### Directions for this task
Exact copy, pictures excluded: write out every line below.

====== Data

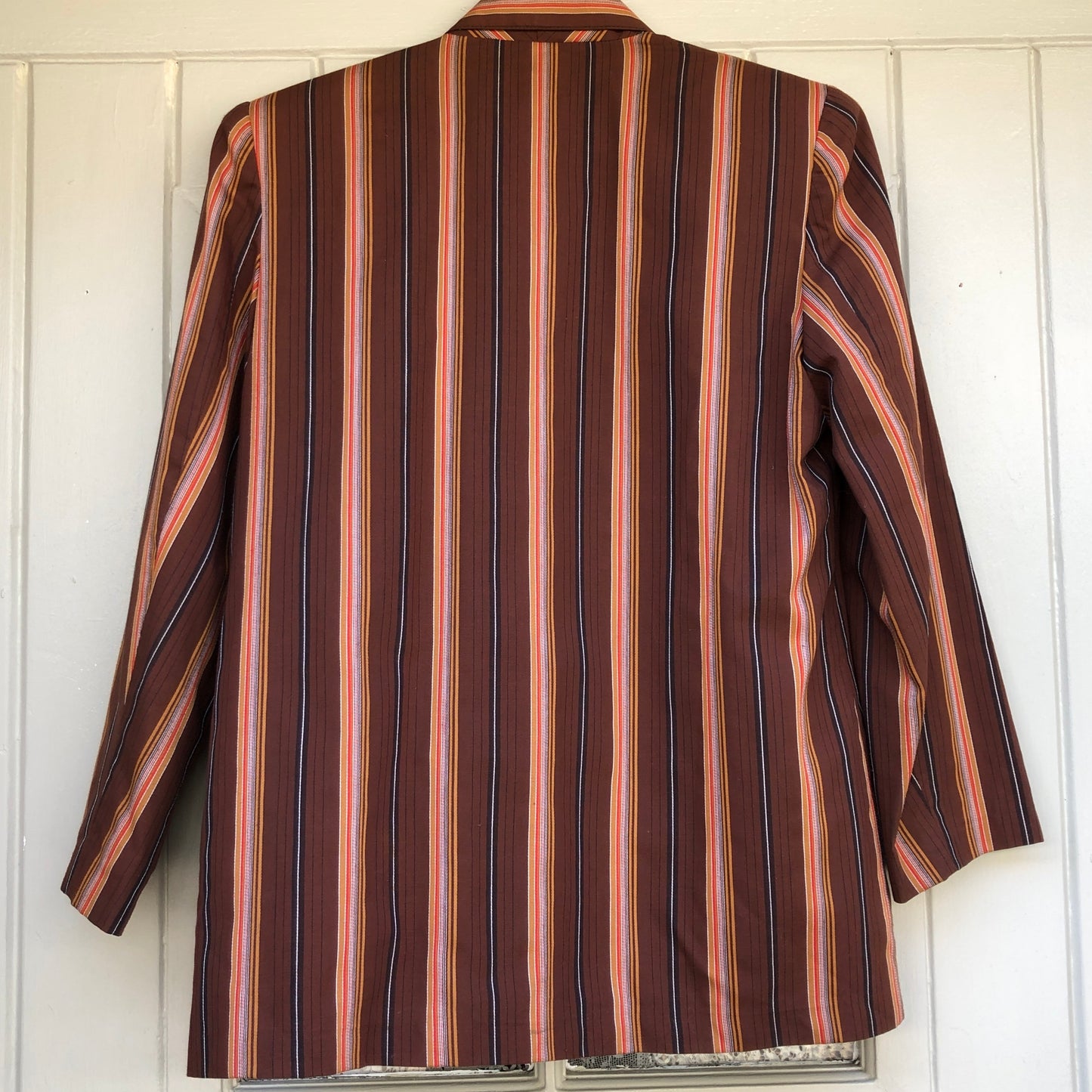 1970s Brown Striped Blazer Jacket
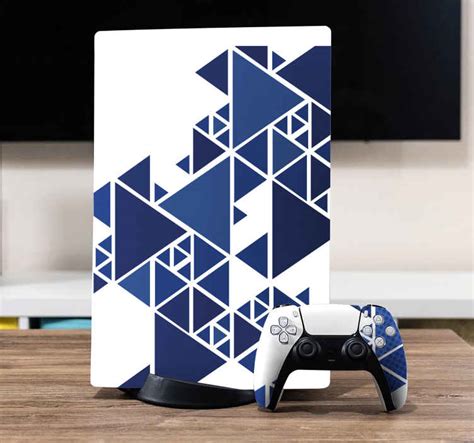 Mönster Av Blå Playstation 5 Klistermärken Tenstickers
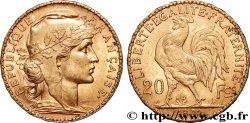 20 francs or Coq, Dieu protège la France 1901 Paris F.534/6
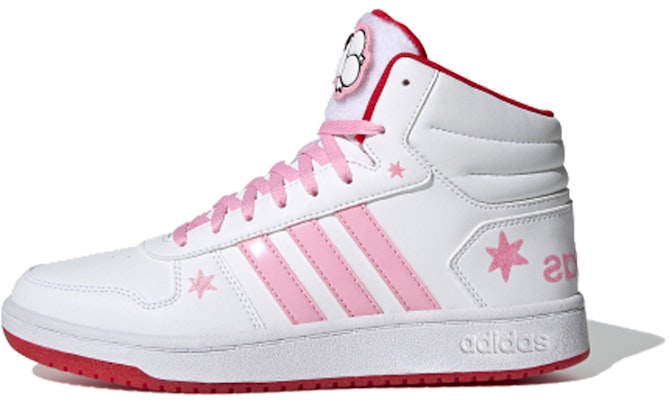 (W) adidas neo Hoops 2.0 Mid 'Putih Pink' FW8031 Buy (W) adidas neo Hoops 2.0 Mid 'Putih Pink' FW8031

============

### Answer to this task
 1970s Brown Striped Blazer Jacket
 Mönster Av Blå Playstation 5 Klistermärken Tenstickers
 20 francs or Coq, Dieu protège la France 1901 Paris F.534/6
 (W) adidas neo Hoops 2.0 Mid 'Putih Pink' FW8031 Buy (W) adidas neo Hoops 2.0 Mid 'Putih Pink' FW8031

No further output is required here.